Yine yeni yıl kutlamalarında Slovakyalı reklam ajansı Zaraguza, müşterileri işleriyle ilgilenmek zorunda kalmasın, ailesiyle ve sevdikleriyle kaliteli vakit geçirsin diye onlara bir çift eldiven göndermişti. Tabi bu iş bana kalırsa ufak bir “Yeni yıl gecesinde bize mail atmayın” mesajı içeriyor da olabilir.

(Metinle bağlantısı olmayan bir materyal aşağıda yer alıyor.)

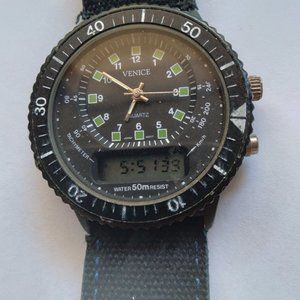 Venice Mans watch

Haberi şuradan inceleyebilirsiniz.
Yeni yıl konsepti dediğimizde Publicis Türkiye’nin ağaç olduğu işi de atlamamak lazım. TEMA Vakfı ile birlikte başlattıkları proje dahilinde bu yılki bütçesini ortak fidan dikmeye ayıran ajans, bunu da bir internet sitesi ile destekleyerek yılbaşı ağacı gibi süslenmiş çalışanlarını oylamaya sundu.
Haberi şurada.
Kazanan da Ceren Akça olmuştu;
Tabi sadece Noel ve yeni yıl kutlamaları ile ilgili olmadı bu sene ajansların yaptığı işler. Örneğin Bergen/ Norveç merkezli ajans MK Norway’in Oslo’da açacağı yeni şubesi için hazırladığı yağmur simülasyonlu davetiyeler, suya maruz kaldığında ortaya çıkan yazı yöntemiyle hazırlanmıştı. Aynı yöntemle hazırlanan diğer işlerse Fiat’ın ve Cebu Pacific Havayolları’nındı hatırlarsanız.

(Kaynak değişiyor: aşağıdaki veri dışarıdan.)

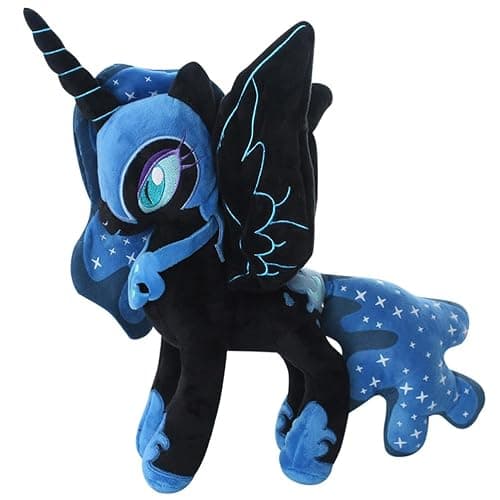 Little Horse 38CM Plush Toy Friendship Movie Feature Character Doll Action Figure Model Toy - Image 1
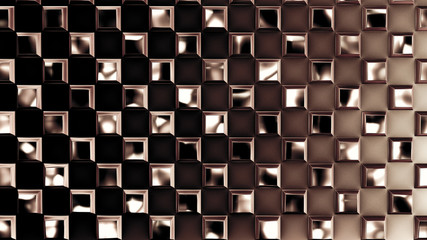 Beautiful modern background texture with relief, plaster, repair. 3d illustration, 3d rendering.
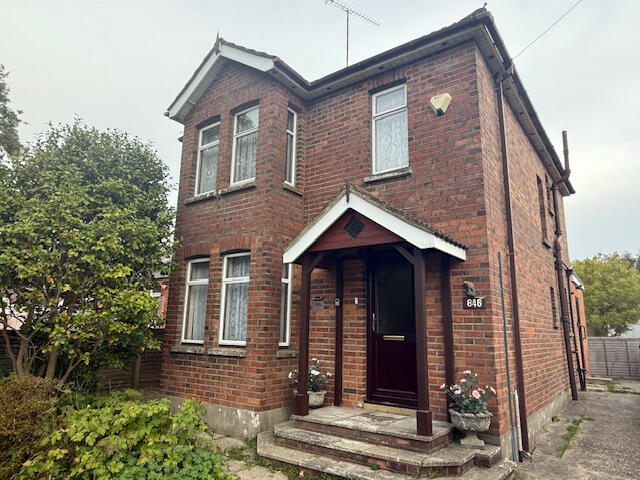 Main image of property: Blandford Road, Upton, Poole, Dorset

Son olarak da buradan başka bir örnek verecek olursak, çoğumuz Grey İstanbul’un Kristal Elma’da yaptığı InstaCandy işini hatırlarız. Festivalde çektiğiniz bir fotoğrafı, filtrenizi seçtikten sonra #instacandy etiketi ile paylaşıyorsunuz ve otomat size seçtiğiniz filtrenin şekerini veriyordu.
Haberini ise şurada yapmıştık.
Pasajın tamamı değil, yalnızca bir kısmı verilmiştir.